**Provided material:**

== Segment start ==

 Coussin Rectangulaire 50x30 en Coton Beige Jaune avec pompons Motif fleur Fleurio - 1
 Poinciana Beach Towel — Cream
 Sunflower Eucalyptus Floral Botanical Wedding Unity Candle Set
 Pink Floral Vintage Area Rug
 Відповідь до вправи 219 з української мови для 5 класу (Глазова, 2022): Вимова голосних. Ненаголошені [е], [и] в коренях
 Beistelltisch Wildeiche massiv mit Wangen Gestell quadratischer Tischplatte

== Segment end ==
== Segment start ==

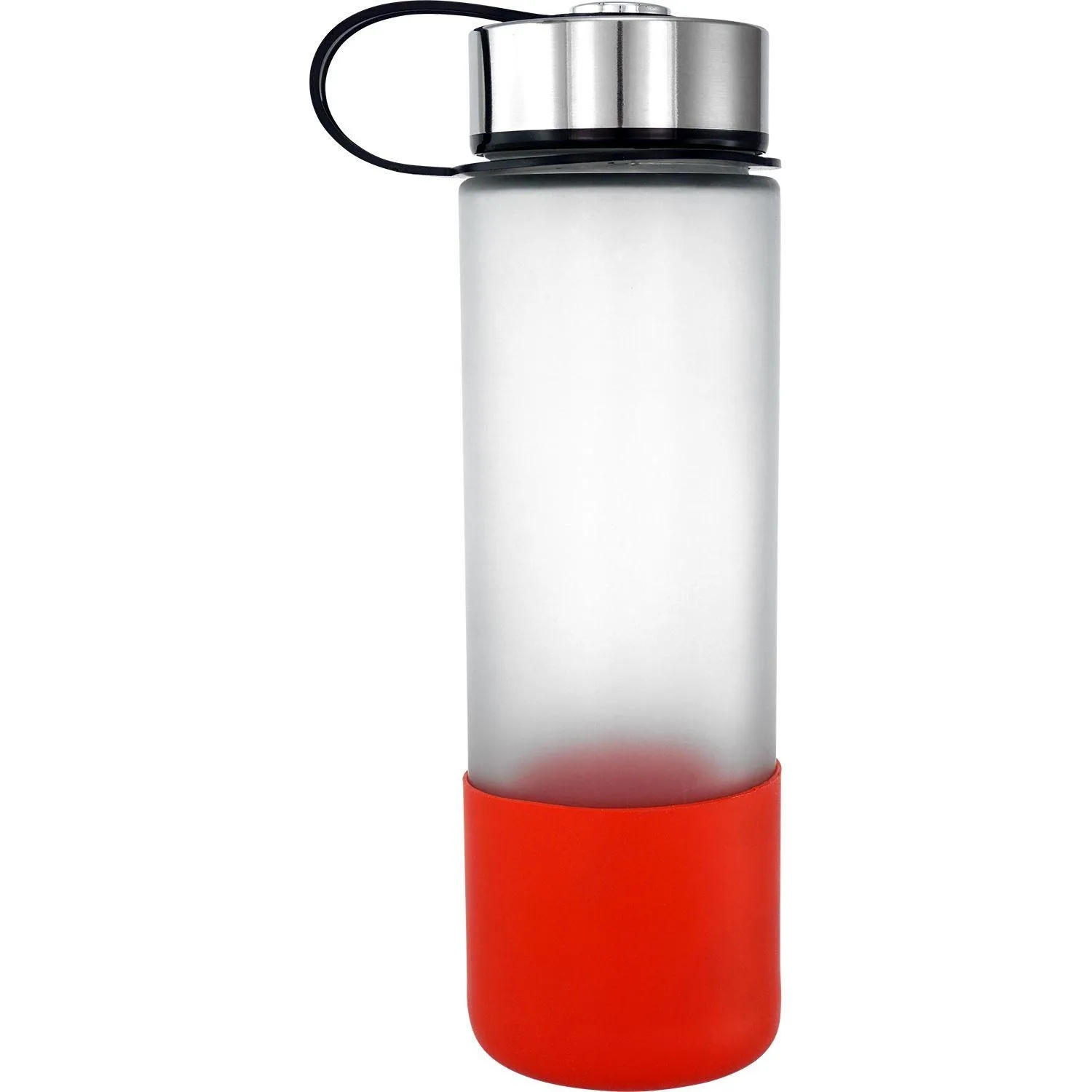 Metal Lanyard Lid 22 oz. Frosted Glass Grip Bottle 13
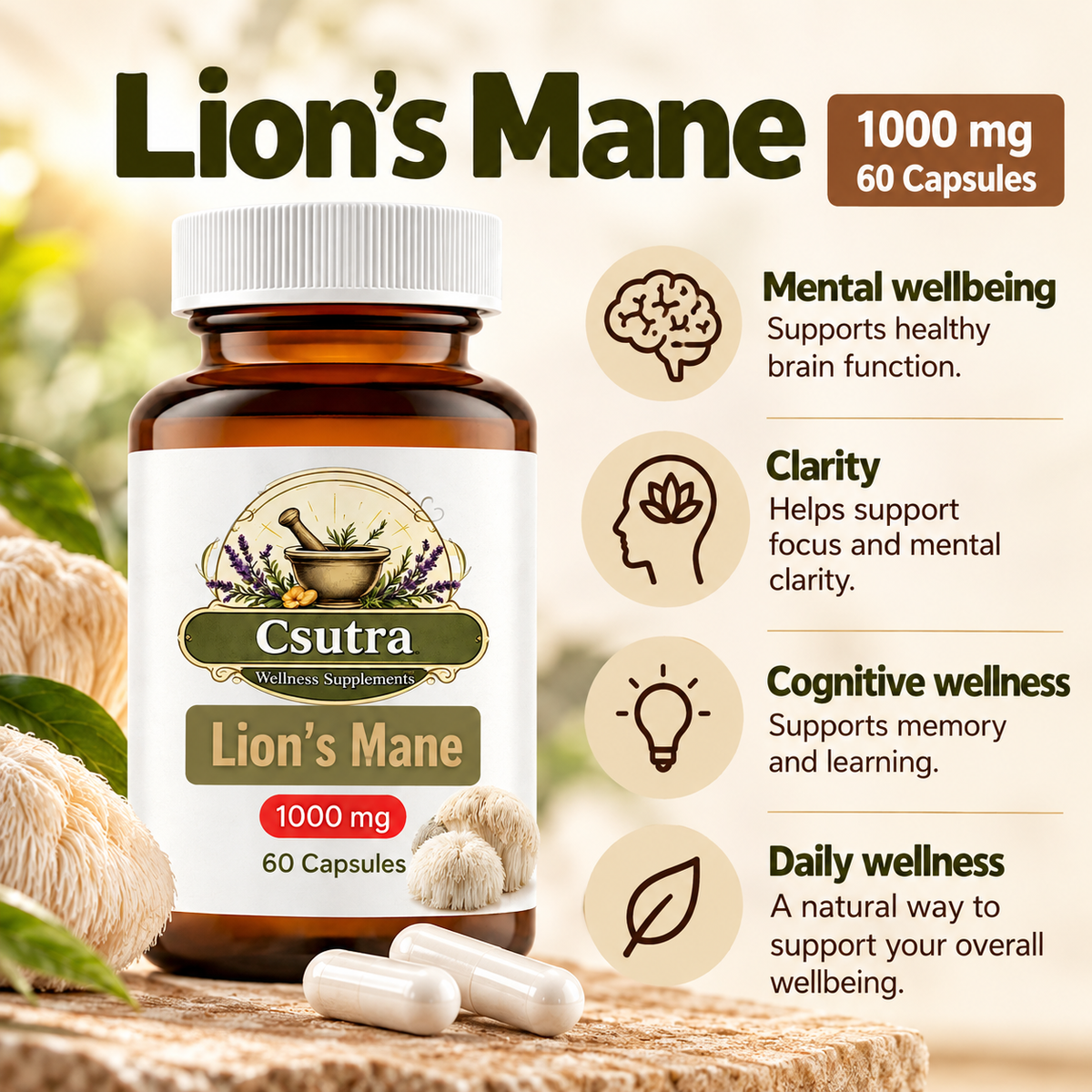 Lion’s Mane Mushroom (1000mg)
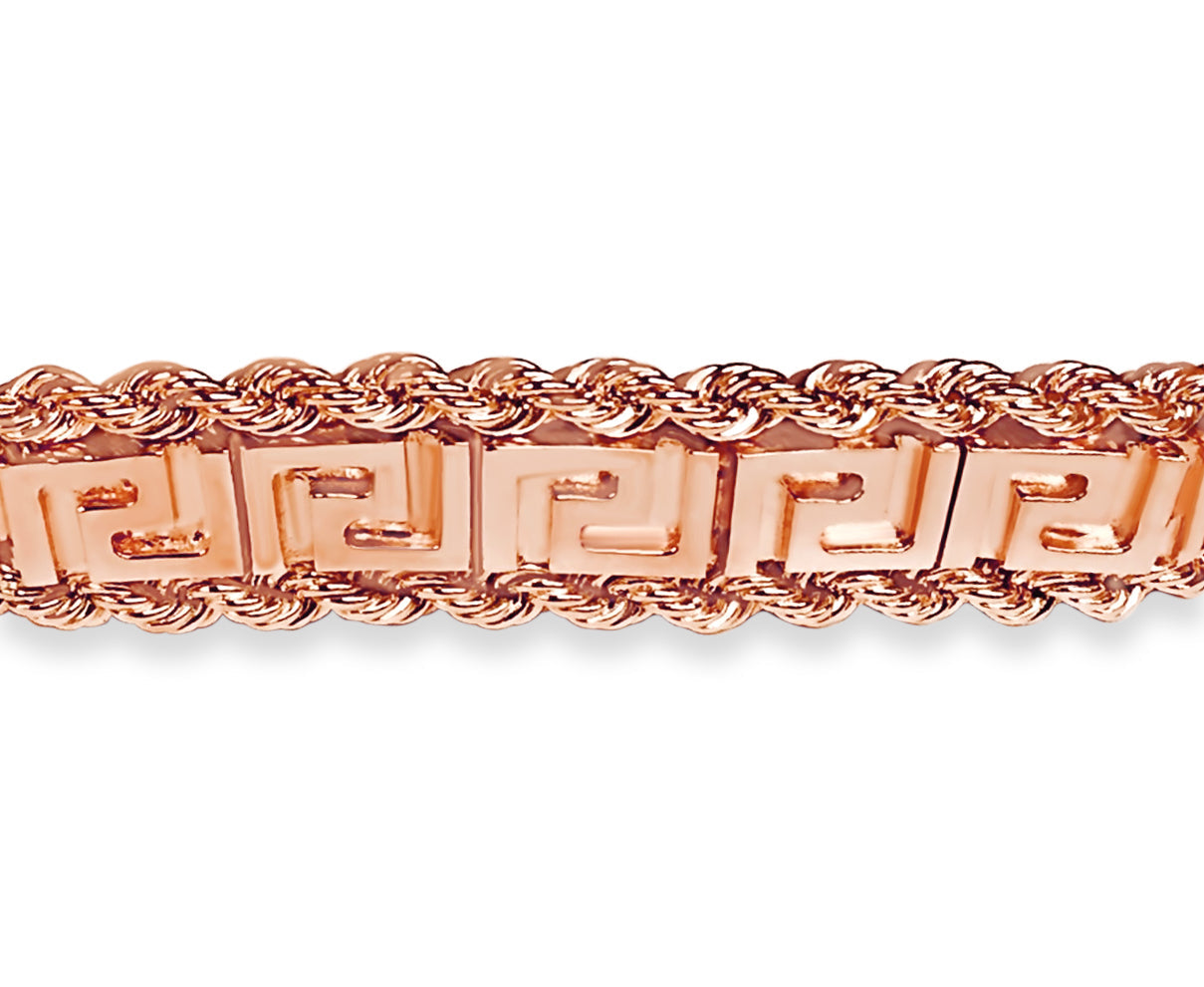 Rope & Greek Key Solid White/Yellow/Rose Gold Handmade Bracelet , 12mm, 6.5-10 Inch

== Segment end ==
== Segment start ==

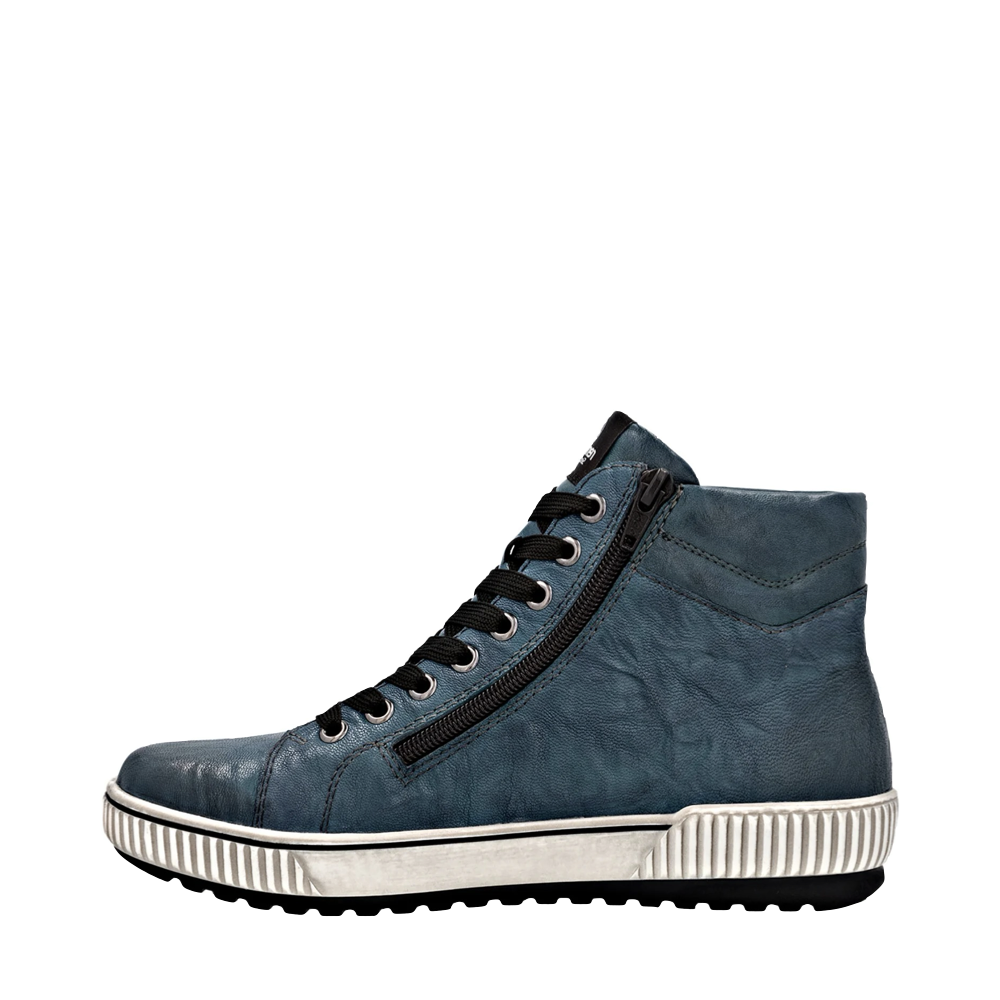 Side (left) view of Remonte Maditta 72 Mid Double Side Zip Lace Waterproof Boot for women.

== Segment end ==

**Work to complete:** Your answer should be a single number: the count of lines in the data that include the word "Floral".

**Result of the exercise:** 2